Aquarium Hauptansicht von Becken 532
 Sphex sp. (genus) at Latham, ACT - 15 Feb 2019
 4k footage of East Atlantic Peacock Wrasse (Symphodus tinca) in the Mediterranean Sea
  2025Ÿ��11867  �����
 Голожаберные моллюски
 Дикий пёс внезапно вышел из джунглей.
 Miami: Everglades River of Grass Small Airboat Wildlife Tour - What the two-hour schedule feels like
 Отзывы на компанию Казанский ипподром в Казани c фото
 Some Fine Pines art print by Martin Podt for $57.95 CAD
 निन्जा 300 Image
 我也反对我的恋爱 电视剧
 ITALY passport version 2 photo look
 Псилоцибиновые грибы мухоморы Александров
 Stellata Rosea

◆ **What to work on**
Set down each line exactly as it appears in the data.

◆ **Exercise answer**
Aquarium Hauptansicht von Becken 532
 Sphex sp. (genus) at Latham, ACT - 15 Feb 2019
 4k footage of East Atlantic Peacock Wrasse (Symphodus tinca) in the Mediterranean Sea
  2025Ÿ��11867  �����
 Голожаберные моллюски
 Дикий пёс внезапно вышел из джунглей.
 Miami: Everglades River of Grass Small Airboat Wildlife Tour - What the two-hour schedule feels like
 Отзывы на компанию Казанский ипподром в Казани c фото
 Some Fine Pines art print by Martin Podt for $57.95 CAD
 निन्जा 300 Image
 我也反对我的恋爱 电视剧
 ITALY passport version 2 photo look
 Псилоцибиновые грибы мухоморы Александров
 Stellata Rosea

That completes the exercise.